“How many times have you done this?”
“A dozen times, maybe more. The first time I tried to treat a slave left at a temple in Rome. I had more money then, and private quarters. But the man died within a week. Still, at least he died in comfort. I lost four more after that and almost gave up.”
Her eyes had shone with compassion. “Why didn’t you?”
“Because part of my training involved a proper worship of the healing deities. I couldn’t walk by those people and pretend they weren’t there.” He had sighed, shaking his head. “I can’t say that my reasons were entirely altruistic. When a student of medicine loses a patient left on the steps of the Asklepion, no one cares. Lose a freeman of station and you can kiss your future good-bye.” A grimace had crossed his face. “My motives are both good and bad, Hadassah. I want to help, but I also want to learn.”

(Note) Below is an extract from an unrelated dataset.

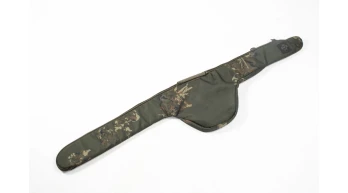 Nash OPS 9ft Single Skin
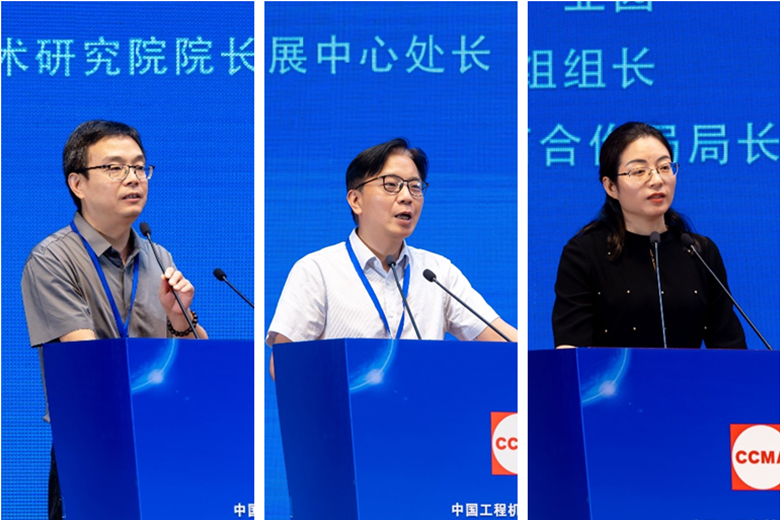 011725182609147084.png 論壇_副本.png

“Have any of these patients lived?”
“Three. One in Rome, a Greek every bit as stubborn as my father. And two in Alexandria.”
“Then what you did was worthwhile,” she had said with a quiet certainty.
Now, though, watching the look on her face, Alexander wondered if he was right to keep doing this . . . and if he should ever have brought Hadassah with him. Despite all he’d said the night before, he could see Hadassah was filled with horror at the sight of so many abandoned slaves on the temple steps.
“Oh,” she whispered, coming to a stop beside him, that single word piercing his heart with its wealth of compassion and sorrow.
Alexander looked away, his throat suddenly tight with emotion. After a moment, he spoke, his voice gruff. “Come on. We haven’t much time.”
He passed by an emaciated gray-haired man and bent down beside one younger. Hadassah followed him toward the marble steps of the Asklepion, but paused beside the man he had passed by. She went down on one knee and felt the old man’s fevered brow. He didn’t open his eyes.
“Leave him,” Alexander called to her as he strode across the courtyard to the steps of the Asklepion.
Hadassah glanced up and watched him quickly pass by two other abandoned slaves. Their masters had not even taken the time to place them on the uppermost temple steps where there was some shelter. This poor old man had been discarded barely a few feet inside the propylon. Others nearby lay unconscious, devastated by unknown illnesses.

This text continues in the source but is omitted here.